プレー復帰直後に気をつけること
ケガからの復帰に向けては、全身の体力レベルを落とさないことも大切
ケガには予防できるものと、予測不能で防ぎようのないアクシデントによるものとがあります。ケガをしてしまった場合、全体練習を休んでしばらく治療やリハビリテーションに専念し、状態が回復したところで競技復帰することになると思いますが、いくつか気をつけておきたいことがあります。
●ケガの部位以外の体力レベルは落ちていないか
ケガをしてしまうと患部は痛みなどがあるため動かさないようにしますが、患部以外の部分も患部と同様に運動しない状態が続いてしまうと、全体的な体力低下につながります。患部の状態がよくなってプレーを再開するときに、全体の体力が落ちていると、たとえばスタミナが不足して練習終盤にバテてしまったり、筋力が低下して他の部位を傷めてしまったり…といったことが起こります。
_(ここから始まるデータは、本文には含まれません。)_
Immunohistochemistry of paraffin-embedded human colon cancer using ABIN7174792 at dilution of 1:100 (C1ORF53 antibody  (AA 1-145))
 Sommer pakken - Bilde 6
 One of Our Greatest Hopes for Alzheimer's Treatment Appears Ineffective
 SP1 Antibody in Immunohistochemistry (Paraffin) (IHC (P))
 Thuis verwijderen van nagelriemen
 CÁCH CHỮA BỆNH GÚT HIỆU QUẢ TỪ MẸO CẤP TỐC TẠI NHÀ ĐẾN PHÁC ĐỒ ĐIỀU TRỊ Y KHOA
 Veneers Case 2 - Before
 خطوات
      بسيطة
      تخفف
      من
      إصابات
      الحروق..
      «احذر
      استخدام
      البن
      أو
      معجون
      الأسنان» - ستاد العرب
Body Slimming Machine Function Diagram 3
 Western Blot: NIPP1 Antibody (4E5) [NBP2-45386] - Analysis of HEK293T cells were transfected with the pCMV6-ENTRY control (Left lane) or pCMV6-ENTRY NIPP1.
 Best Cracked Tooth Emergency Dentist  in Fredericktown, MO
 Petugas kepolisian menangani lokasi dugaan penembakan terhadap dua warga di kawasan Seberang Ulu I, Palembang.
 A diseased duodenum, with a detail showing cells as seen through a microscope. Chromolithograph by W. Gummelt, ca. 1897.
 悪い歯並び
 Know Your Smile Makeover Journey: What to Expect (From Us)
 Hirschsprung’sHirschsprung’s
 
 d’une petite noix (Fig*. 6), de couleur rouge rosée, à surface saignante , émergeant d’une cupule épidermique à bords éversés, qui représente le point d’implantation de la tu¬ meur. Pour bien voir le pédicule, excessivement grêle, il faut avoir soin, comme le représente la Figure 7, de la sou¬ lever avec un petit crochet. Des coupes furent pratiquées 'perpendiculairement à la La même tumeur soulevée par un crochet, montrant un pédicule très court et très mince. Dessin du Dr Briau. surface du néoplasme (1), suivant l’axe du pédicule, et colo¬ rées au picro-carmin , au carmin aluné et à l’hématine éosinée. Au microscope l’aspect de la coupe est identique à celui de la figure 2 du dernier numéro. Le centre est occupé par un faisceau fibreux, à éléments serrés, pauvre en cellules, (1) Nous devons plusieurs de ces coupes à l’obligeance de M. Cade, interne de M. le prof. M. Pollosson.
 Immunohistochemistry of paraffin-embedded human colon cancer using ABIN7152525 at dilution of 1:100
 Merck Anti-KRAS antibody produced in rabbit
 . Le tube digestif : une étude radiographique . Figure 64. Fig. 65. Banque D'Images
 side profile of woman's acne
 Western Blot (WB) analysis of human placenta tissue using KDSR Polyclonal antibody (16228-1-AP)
こうしたことを防ぐためにはケガの部位以外は積極的に動かすようにしたり、体力レベルを落とさないように患部外トレーニングを続けておくことが大切です。
●ケガをしていないほうと比べて左右差は見られないか
ケガの状態が良くなってくるとすぐにでも競技復帰したくなる気持ちはわかりますが、傷めた組織が良くなっているかどうか、関節可動域(関節の動く範囲)や筋力は左右ともに同じような状態かをチェックしましょう。傷めた組織が回復しているかどうかは医師に確認してもらい、関節可動域や筋力については、できれば理学療法士、アスレティックトレーナーなどの専門家に判断を仰ぎましょう。むずかしい場合は患部とその反対側の部位が同じように動くか、特に筋力レベルが同程度かを確認します。多くの場合、筋力が低下しているにも関わらず競技復帰してしまい、痛みが再発したり、復帰直後で「また痛いと言えない」と我慢して再受傷してしまうケースが見られます。
●練習後のケアはしっかり行っているか
練習を再開すると患部は多少なりと痛みを伴うことがあります。このときにRICE処置を始めとした患部のケアを行っているかはとても重要なことです。競技復帰したから「RICE処置はしなくていい」「患部のトレーニングはしなくていい」ということにはなりません。もちろん痛みや不安感などがないようでしたら特に問題ありませんが、動いてみて少しでも不安が残る場合は、ケガの再発予防を目的としたセルフコンディショニングを継続して行うようにしましょう。